■ What needs to be done: Both the line with "Álbum The Beautiful Ballads de Nat King Cole" and the line with "Southfield MI Epoxy Floor Coating" in the records below must appear in the output, along with every line between them, exactly and with nothing added.
━━━ The data
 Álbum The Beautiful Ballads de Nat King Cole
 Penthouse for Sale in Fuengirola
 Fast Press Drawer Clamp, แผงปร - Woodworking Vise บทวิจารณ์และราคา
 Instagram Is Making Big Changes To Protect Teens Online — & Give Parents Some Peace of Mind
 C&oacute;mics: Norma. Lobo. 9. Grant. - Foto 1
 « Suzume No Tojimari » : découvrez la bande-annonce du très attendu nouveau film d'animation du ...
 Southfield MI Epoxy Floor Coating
━━━━━━
━━━ The data
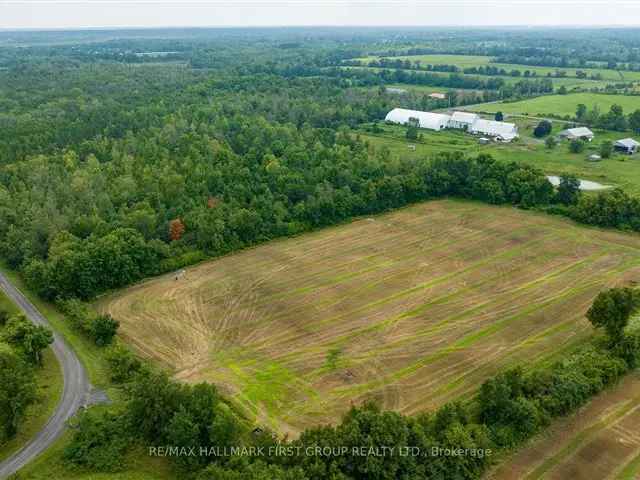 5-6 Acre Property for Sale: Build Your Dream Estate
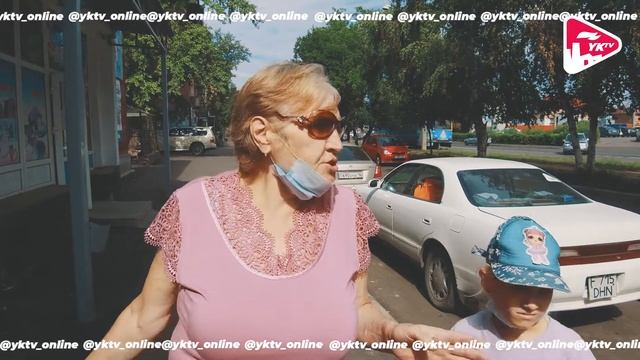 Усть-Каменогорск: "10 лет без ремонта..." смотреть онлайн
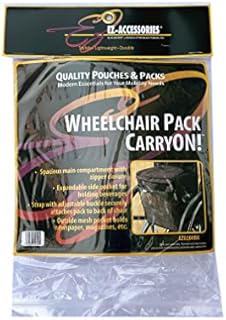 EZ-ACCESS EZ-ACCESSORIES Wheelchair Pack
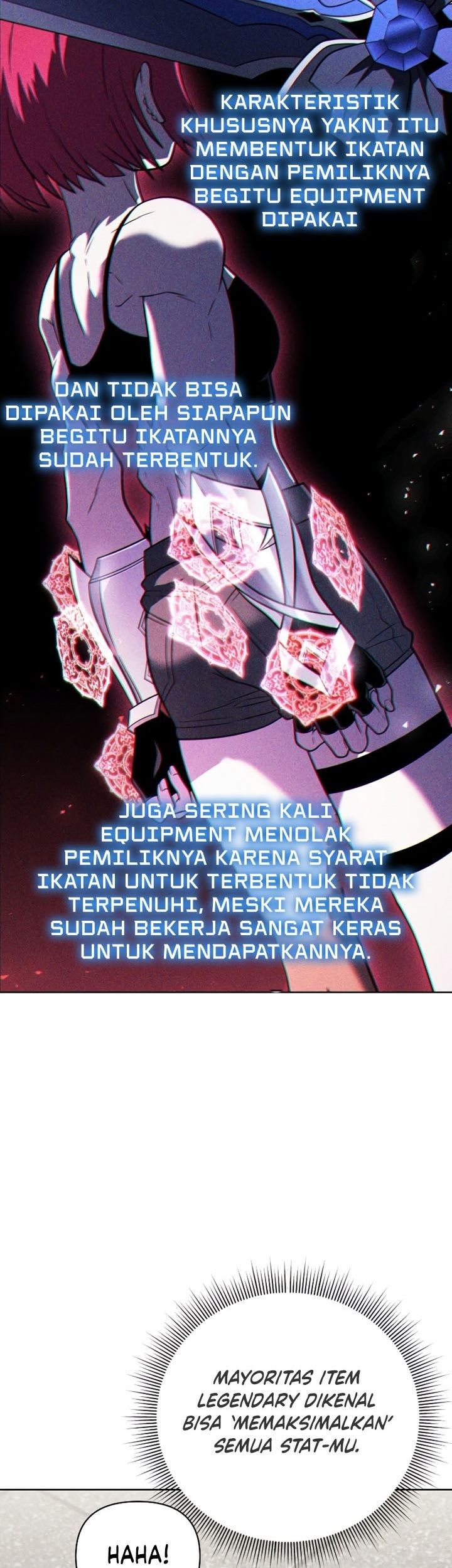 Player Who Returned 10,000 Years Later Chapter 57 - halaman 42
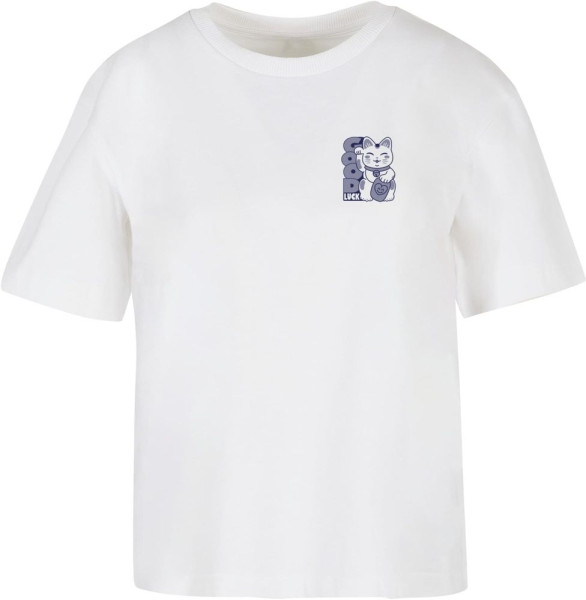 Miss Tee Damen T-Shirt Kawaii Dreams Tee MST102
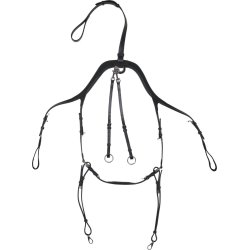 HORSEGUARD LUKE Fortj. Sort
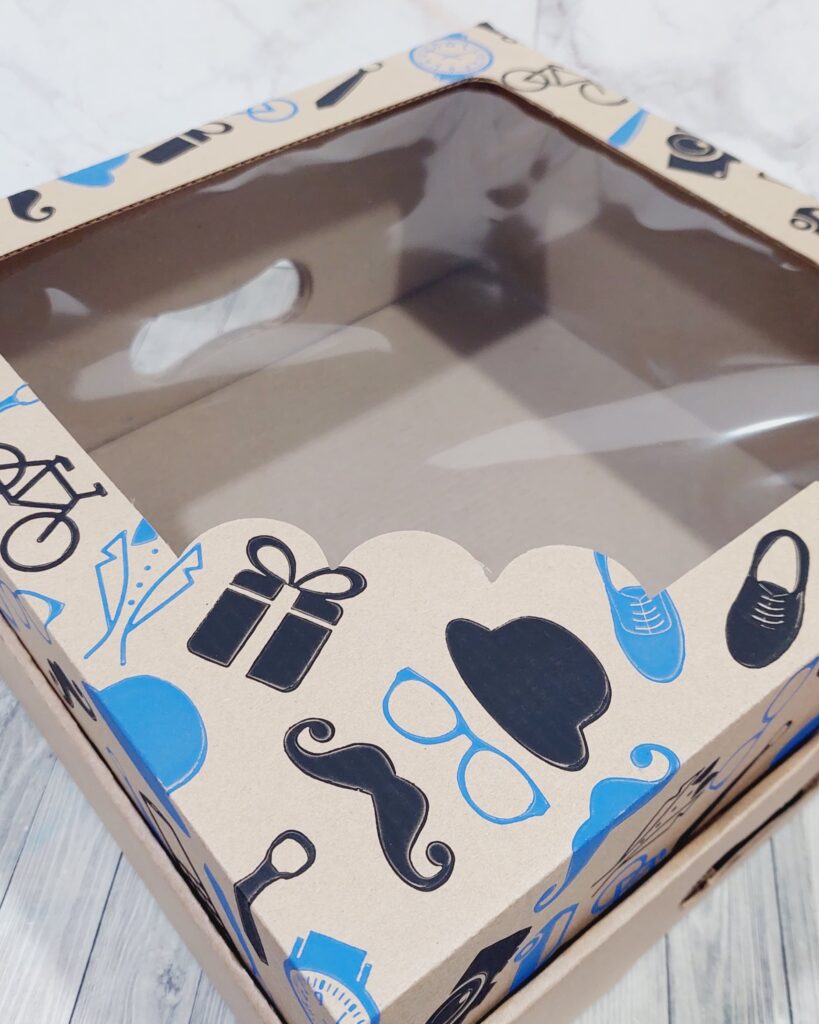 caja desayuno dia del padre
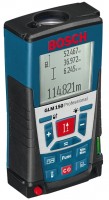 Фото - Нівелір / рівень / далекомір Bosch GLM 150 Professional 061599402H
━━━━━━
■ Result of this task:
 Álbum The Beautiful Ballads de Nat King Cole
 Penthouse for Sale in Fuengirola
 Fast Press Drawer Clamp, แผงปร - Woodworking Vise บทวิจารณ์และราคา
 Instagram Is Making Big Changes To Protect Teens Online — & Give Parents Some Peace of Mind
 C&oacute;mics: Norma. Lobo. 9. Grant. - Foto 1
 « Suzume No Tojimari » : découvrez la bande-annonce du très attendu nouveau film d'animation du ...
 Southfield MI Epoxy Floor Coating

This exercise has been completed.